BEGIN AGAIN: James Baldwin’s America and its Urgent Lessons for Our Own. By Eddie S. Glaude Jr. Crown. 272 pages. $26.99.
A year before he died, James Baldwin stood to address the National Press Club. It was December 1986. A holiday wreath framed the lectern as he began. Surveying the room with a gleam in his eye, Baldwin went straight to the heart of the matter. “I speak,” he said, “as someone who represents a very complex country, which insists on being simple-minded.” Audience members shifted uncomfortably in their seats.
The scene is a powerful encapsulation of the late Baldwin. He spoke with his trademark wit, charm and passion for truth. Yet he also sounded weary. When he paused to laugh, his lungs rattled. He had dark circles under his eyes. It is this late Baldwin that Eddie Glaude offers us in his new book, “Begin Again: James Baldwin’s America and Its Urgent Lessons for Our Own.”
This is not the young Baldwin, who burst onto the scene as a prodigious literary talent and lent his voice and celebrity to the civil rights movement. Rather, this is Baldwin after the murders of Medgar Evers, Martin Luther King Jr. and Malcolm X. The movement had faded, the country had left its work unfinished, the Reagan years were deepening inequality, and Baldwin was struggling to hold on.

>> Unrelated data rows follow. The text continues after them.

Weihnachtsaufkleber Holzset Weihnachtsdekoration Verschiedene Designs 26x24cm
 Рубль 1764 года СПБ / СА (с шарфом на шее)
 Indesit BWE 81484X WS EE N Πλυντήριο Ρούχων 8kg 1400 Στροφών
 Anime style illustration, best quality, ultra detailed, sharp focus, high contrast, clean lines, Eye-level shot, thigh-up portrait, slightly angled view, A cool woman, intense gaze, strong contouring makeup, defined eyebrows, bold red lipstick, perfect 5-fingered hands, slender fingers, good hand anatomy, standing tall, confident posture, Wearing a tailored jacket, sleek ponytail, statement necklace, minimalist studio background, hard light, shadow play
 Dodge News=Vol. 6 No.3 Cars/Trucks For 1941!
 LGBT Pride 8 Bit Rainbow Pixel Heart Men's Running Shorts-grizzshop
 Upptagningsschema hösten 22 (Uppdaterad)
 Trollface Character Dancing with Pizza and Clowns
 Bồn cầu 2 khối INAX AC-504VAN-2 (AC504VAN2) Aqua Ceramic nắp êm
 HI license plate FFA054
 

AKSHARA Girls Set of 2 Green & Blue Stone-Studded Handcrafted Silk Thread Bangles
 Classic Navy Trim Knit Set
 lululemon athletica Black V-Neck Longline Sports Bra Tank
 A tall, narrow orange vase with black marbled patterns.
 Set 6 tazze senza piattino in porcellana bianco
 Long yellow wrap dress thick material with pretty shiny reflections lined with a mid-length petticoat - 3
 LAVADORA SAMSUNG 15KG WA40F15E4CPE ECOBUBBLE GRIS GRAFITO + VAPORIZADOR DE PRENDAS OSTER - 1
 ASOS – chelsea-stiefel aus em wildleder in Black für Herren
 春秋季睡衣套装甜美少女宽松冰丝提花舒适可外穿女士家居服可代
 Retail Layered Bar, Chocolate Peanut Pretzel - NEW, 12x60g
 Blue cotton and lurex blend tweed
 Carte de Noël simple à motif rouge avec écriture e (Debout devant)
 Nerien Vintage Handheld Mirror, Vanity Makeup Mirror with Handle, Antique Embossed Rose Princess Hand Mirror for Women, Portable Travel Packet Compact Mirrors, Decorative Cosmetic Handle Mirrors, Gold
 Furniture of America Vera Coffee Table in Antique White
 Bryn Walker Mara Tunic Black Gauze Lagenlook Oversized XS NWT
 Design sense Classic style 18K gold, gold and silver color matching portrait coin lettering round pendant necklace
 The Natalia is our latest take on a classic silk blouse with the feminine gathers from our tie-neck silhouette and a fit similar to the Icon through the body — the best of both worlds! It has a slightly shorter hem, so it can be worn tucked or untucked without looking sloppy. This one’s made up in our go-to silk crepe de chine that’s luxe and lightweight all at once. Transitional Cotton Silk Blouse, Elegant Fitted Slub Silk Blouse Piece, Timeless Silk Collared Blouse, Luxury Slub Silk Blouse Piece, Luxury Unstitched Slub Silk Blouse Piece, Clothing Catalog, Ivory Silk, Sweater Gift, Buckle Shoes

In his introduction, Glaude writes that Baldwin’s voice is uniquely resonant in this moment. As we live through the current administration’s assault on civil and human rights and its aversion to telling the truth, and as we make our way through a long summer of Black Lives Matter protests and a largely unchecked coronavirus pandemic, we may feel that we are struggling to hold on. Glaude reminds us that we are not the first.
“In writing this book,” he explains, “I wanted to understand more fully how Baldwin navigated his disappointments. … I needed to understand how he harnessed his rage and lived his faith.”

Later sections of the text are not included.